(Records from a data collection)

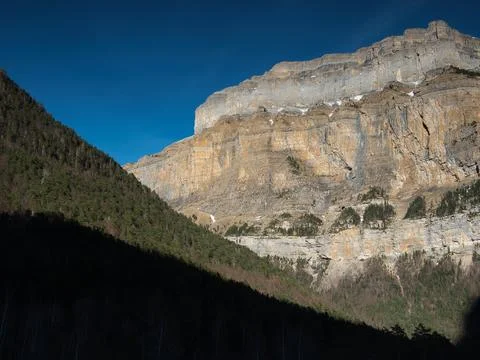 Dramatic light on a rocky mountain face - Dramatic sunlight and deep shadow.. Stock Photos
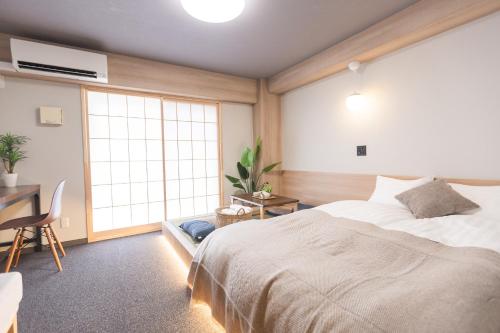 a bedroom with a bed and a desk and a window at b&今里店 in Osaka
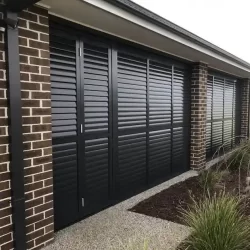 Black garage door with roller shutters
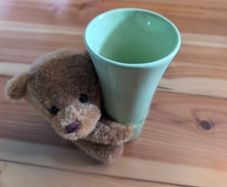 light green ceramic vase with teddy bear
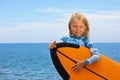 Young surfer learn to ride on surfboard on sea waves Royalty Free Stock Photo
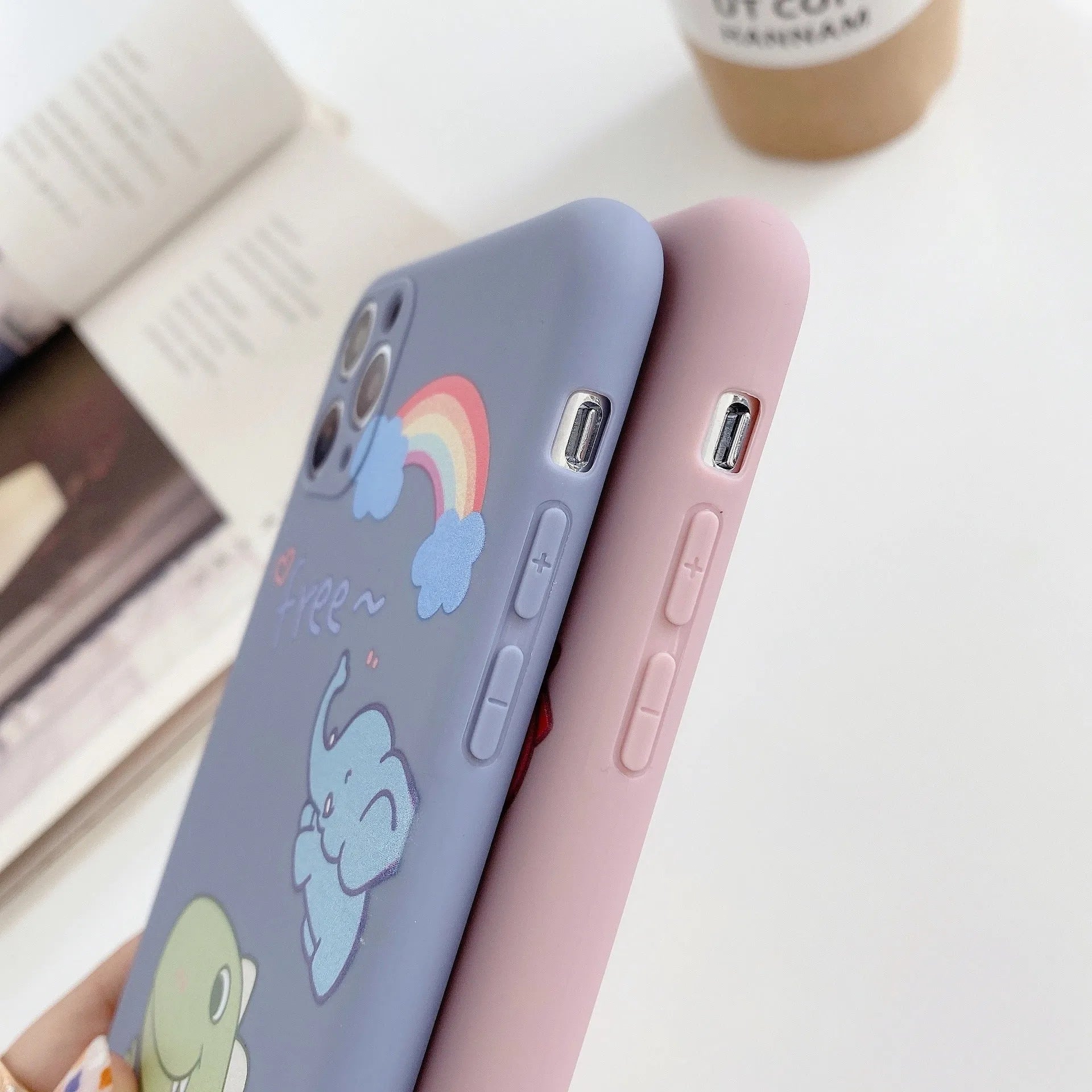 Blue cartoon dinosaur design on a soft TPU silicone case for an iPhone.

==

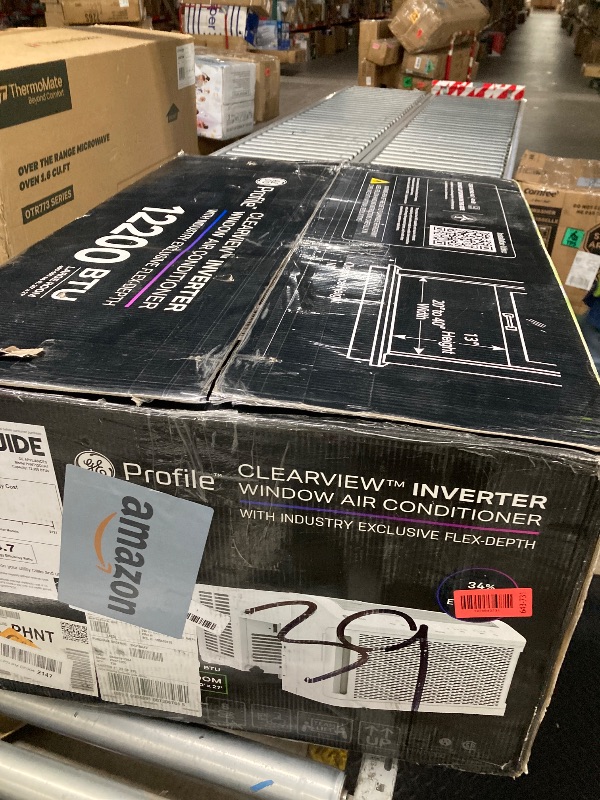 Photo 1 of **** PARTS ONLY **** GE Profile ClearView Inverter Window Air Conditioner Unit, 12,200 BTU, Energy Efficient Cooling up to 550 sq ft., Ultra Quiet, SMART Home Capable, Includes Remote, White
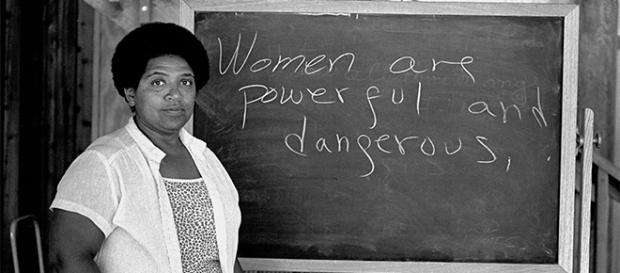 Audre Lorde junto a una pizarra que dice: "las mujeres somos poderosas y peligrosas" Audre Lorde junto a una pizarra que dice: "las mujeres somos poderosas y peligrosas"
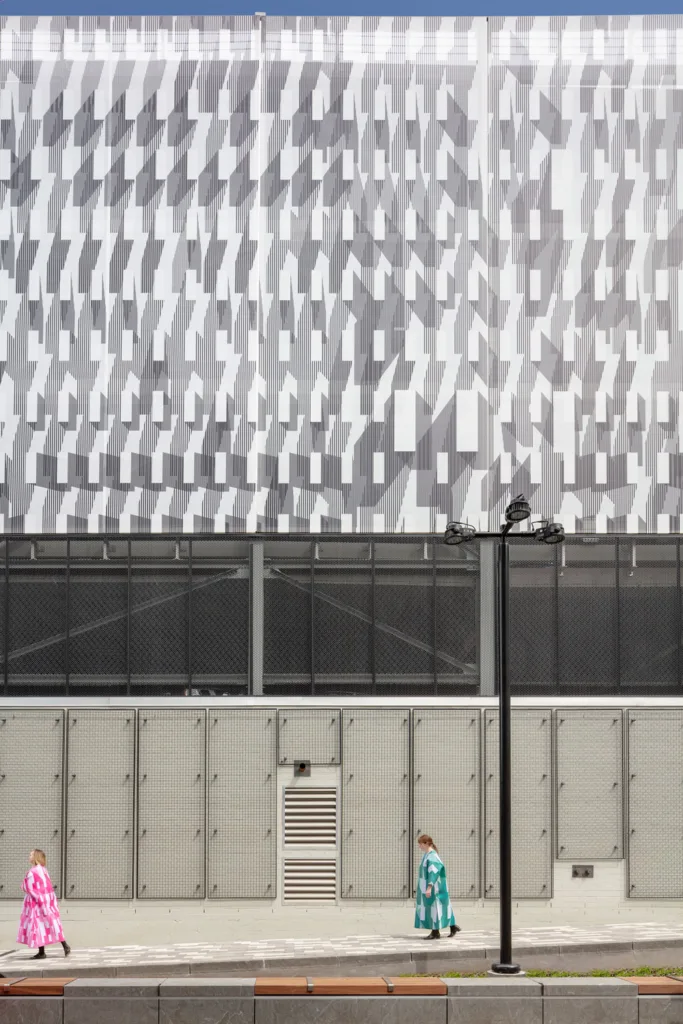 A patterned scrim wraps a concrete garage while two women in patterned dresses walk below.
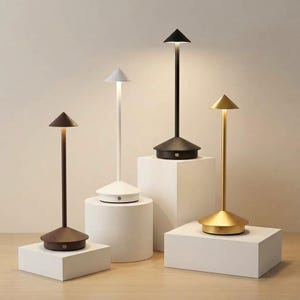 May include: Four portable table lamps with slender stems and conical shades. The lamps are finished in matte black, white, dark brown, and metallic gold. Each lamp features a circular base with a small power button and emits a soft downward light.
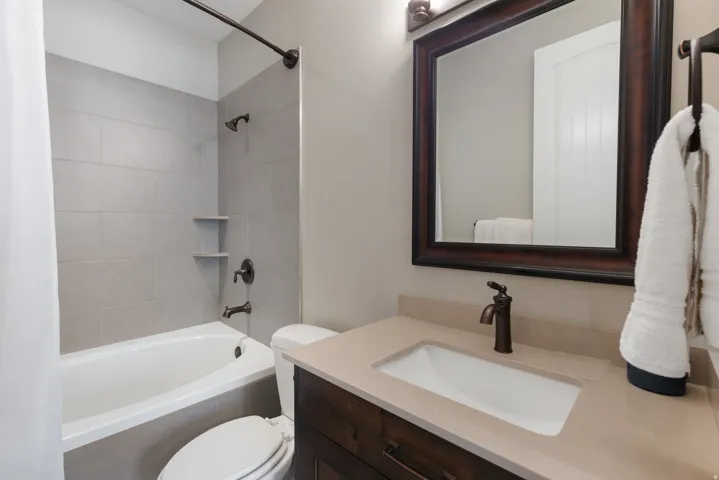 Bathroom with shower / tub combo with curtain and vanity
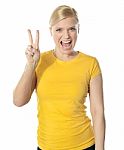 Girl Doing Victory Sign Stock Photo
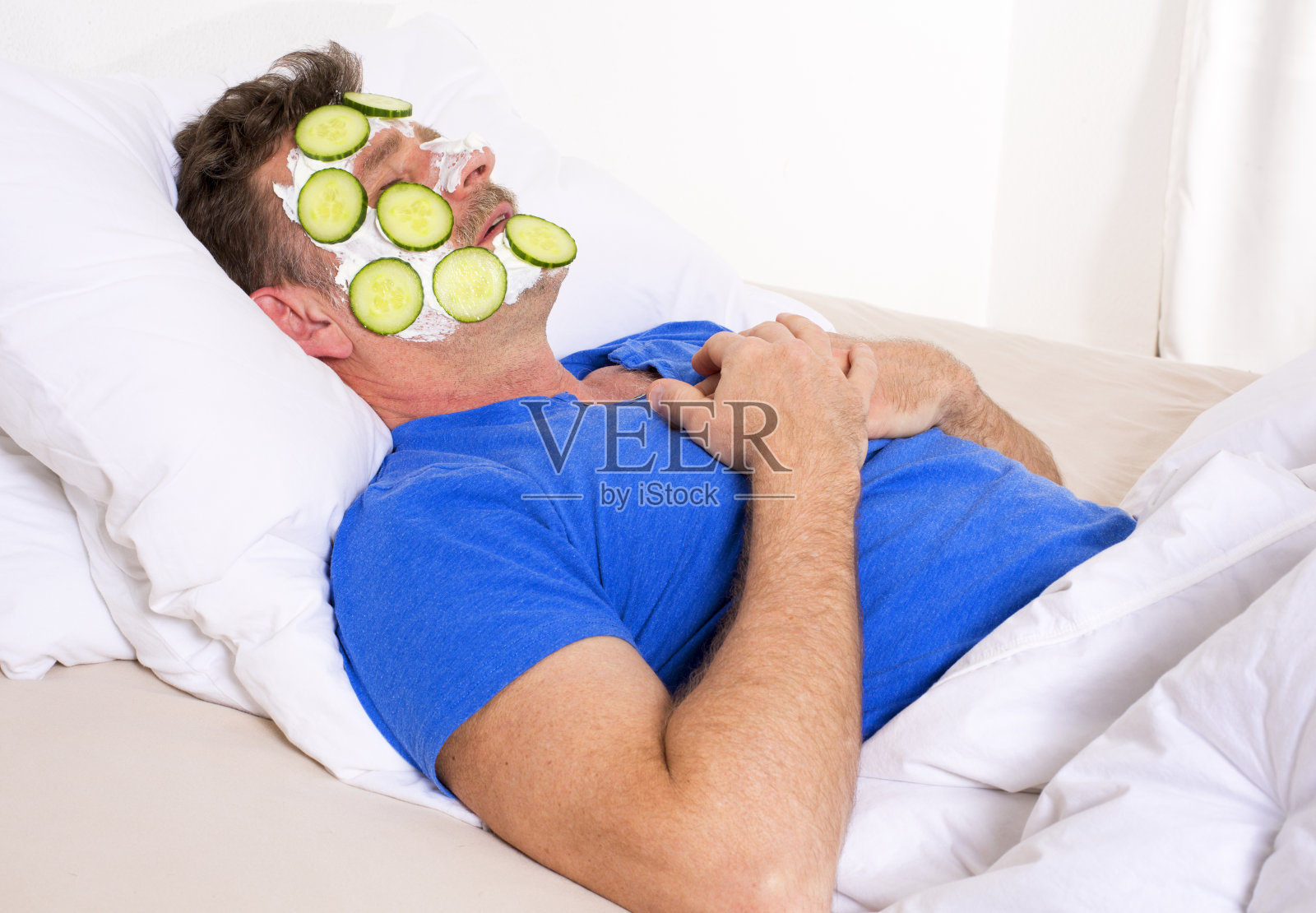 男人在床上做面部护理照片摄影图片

Activity → Copy only these lines from the records above, exactly: the one with "Dramatic light on", the one with "light green ceramic vase with teddy bear", and those between. Skip the pictures.

Solution to this problem →
 Dramatic light on a rocky mountain face - Dramatic sunlight and deep shadow.. Stock Photos
 a bedroom with a bed and a desk and a window at b&今里店 in Osaka
 Black garage door with roller shutters
 light green ceramic vase with teddy bear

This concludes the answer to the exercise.